> STORED DATA:
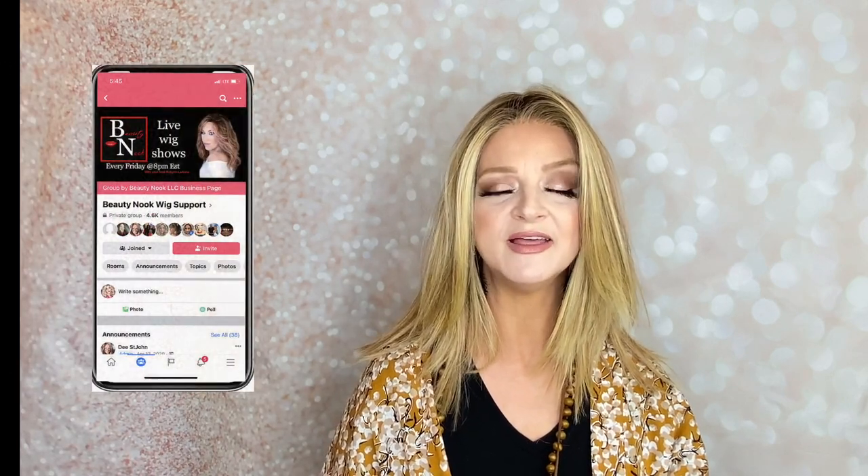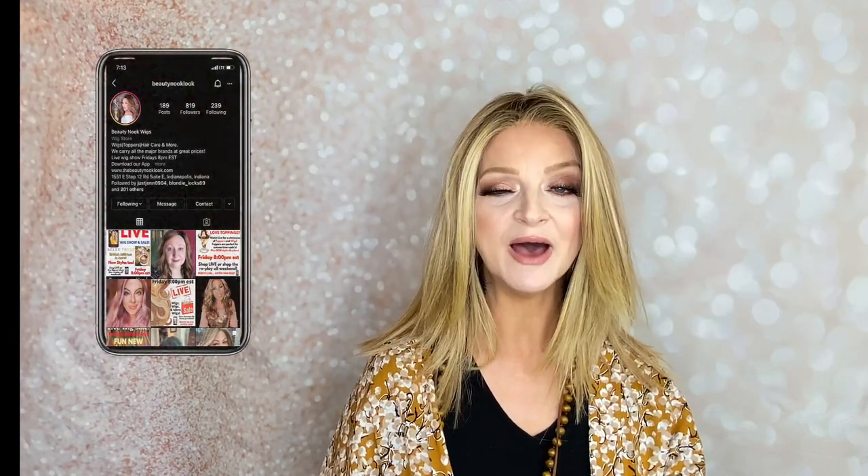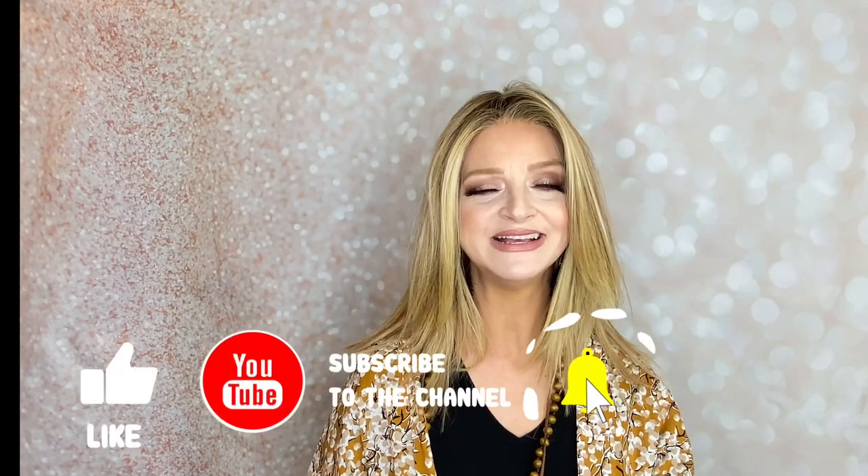You also have the option to use Sezzle, which will break your payments into bi-weekly installments interest-free. Head on over to Facebook and join the Beauty Nook wig support group, and you can find them on Instagram at the Beauty Nook. I'll put all the links in the description box below, and while you're at it, please like and subscribe and ring that bell so you'll never miss a wig review.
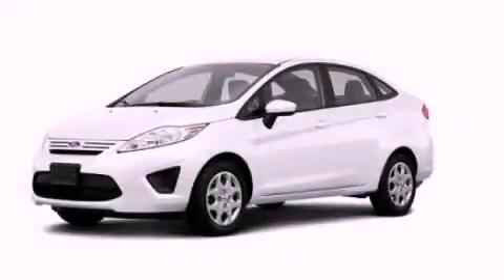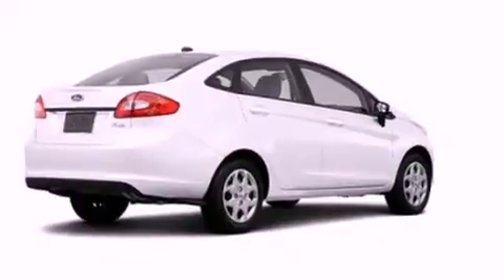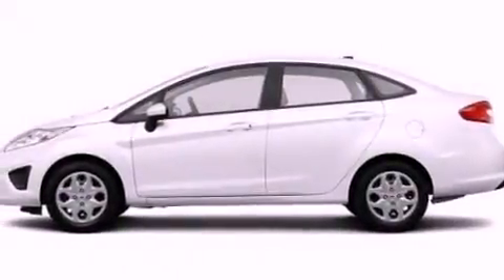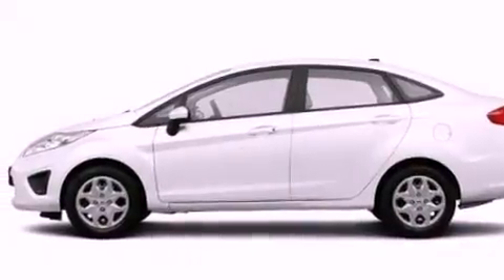This is a brand-new 2013 Ford Fiesta. Who imagined your next vehicle purchase could make such a difference? It has a 1.6-liter four-cylinder engine and a manual transmission.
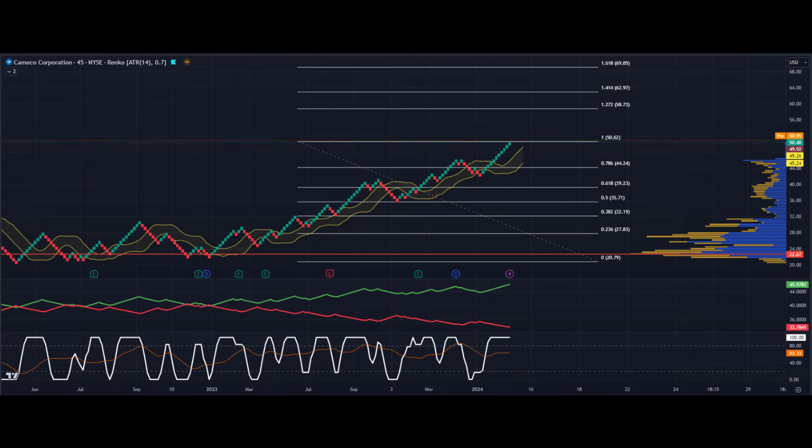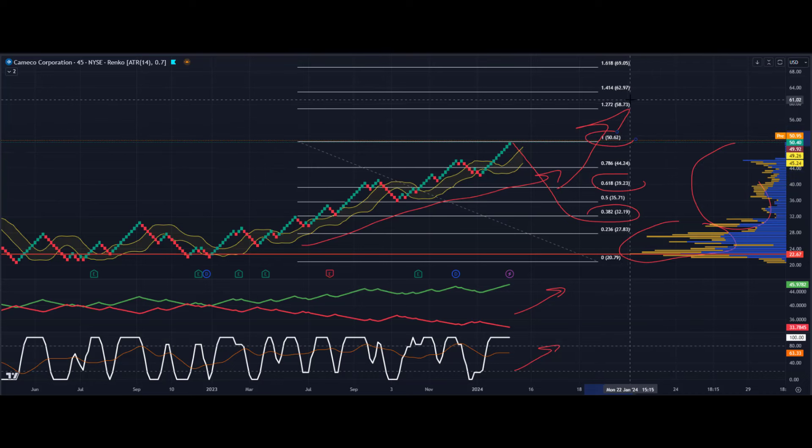Looking at the Renko chart for shorter-term price action, everything is looking bullish. We've got a lovely uptrend still in place. At the bottom, two indicators — modified DMI and modified Stochastic — are both bullish. Volume by price on the right-hand side shows a lot of activity in the $20–$30 zone. If there's a pullback, the Fibonacci level around $32 could be support, or $39 for a buy-the-dip opportunity. To the upside, if it breaks recent highs around $50, we're talking $58, $62, and then nearly $70.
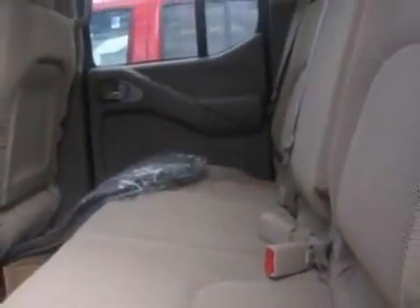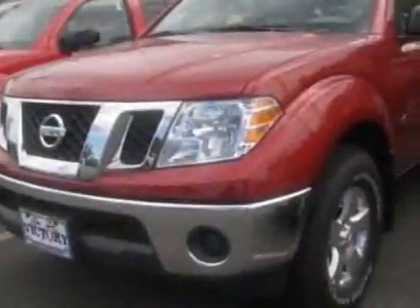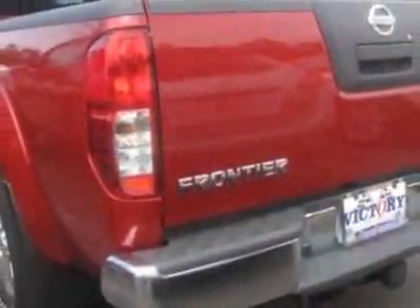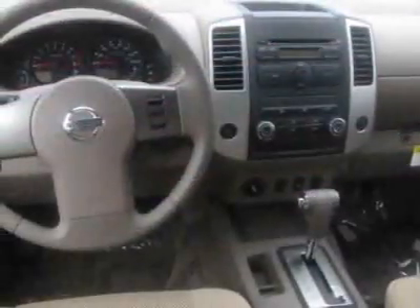This Frontier boasts a 4.0 liter engine and has a 5-speed automatic transmission. Additional options for this vehicle include tinted windows and ABS brakes. Call 800-906-8672 or email our friendly sales staff today to schedule a test drive.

> ASSIGNMENT:
Pictures stay out of the copy; print the material above exactly.

> WORKED SOLUTION:
You also have the option to use Sezzle, which will break your payments into bi-weekly installments interest-free. Head on over to Facebook and join the Beauty Nook wig support group, and you can find them on Instagram at the Beauty Nook. I'll put all the links in the description box below, and while you're at it, please like and subscribe and ring that bell so you'll never miss a wig review.
This is a brand-new 2013 Ford Fiesta. Who imagined your next vehicle purchase could make such a difference? It has a 1.6-liter four-cylinder engine and a manual transmission.
Looking at the Renko chart for shorter-term price action, everything is looking bullish. We've got a lovely uptrend still in place. At the bottom, two indicators — modified DMI and modified Stochastic — are both bullish. Volume by price on the right-hand side shows a lot of activity in the $20–$30 zone. If there's a pullback, the Fibonacci level around $32 could be support, or $39 for a buy-the-dip opportunity. To the upside, if it breaks recent highs around $50, we're talking $58, $62, and then nearly $70.
This Frontier boasts a 4.0 liter engine and has a 5-speed automatic transmission. Additional options for this vehicle include tinted windows and ABS brakes. Call 800-906-8672 or email our friendly sales staff today to schedule a test drive.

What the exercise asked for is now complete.